» **Work order**:
Set down exactly the lines below, starting at the one that contains "2015 Chevy Impala" and ending at the one that contains "Bozüyük Belediyesi’nin Geleneksel", with both of those lines included and nothing else.

» **Record extracts**:

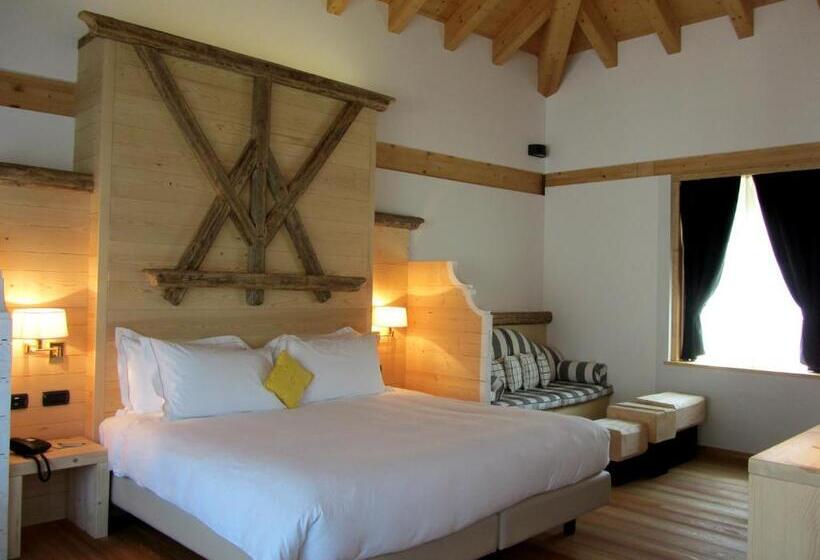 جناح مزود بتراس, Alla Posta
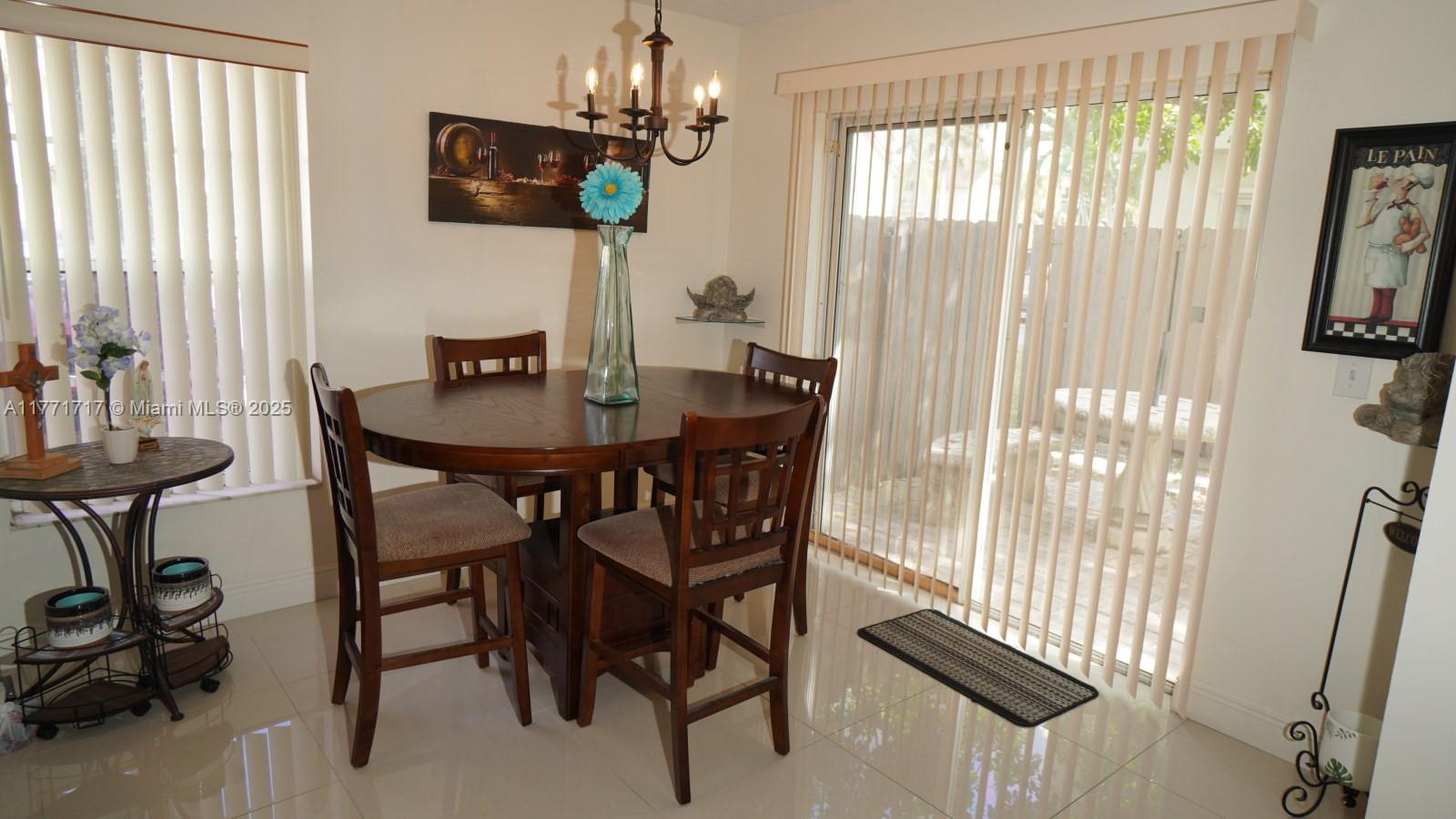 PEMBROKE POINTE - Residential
...
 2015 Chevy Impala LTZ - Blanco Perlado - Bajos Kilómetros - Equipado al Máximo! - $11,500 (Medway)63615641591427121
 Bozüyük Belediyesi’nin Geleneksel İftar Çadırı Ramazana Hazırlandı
---
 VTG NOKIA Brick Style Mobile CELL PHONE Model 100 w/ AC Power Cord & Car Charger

» **Solution below**:
 2015 Chevy Impala LTZ - Blanco Perlado - Bajos Kilómetros - Equipado al Máximo! - $11,500 (Medway)63615641591427121
 Bozüyük Belediyesi’nin Geleneksel İftar Çadırı Ramazana Hazırlandı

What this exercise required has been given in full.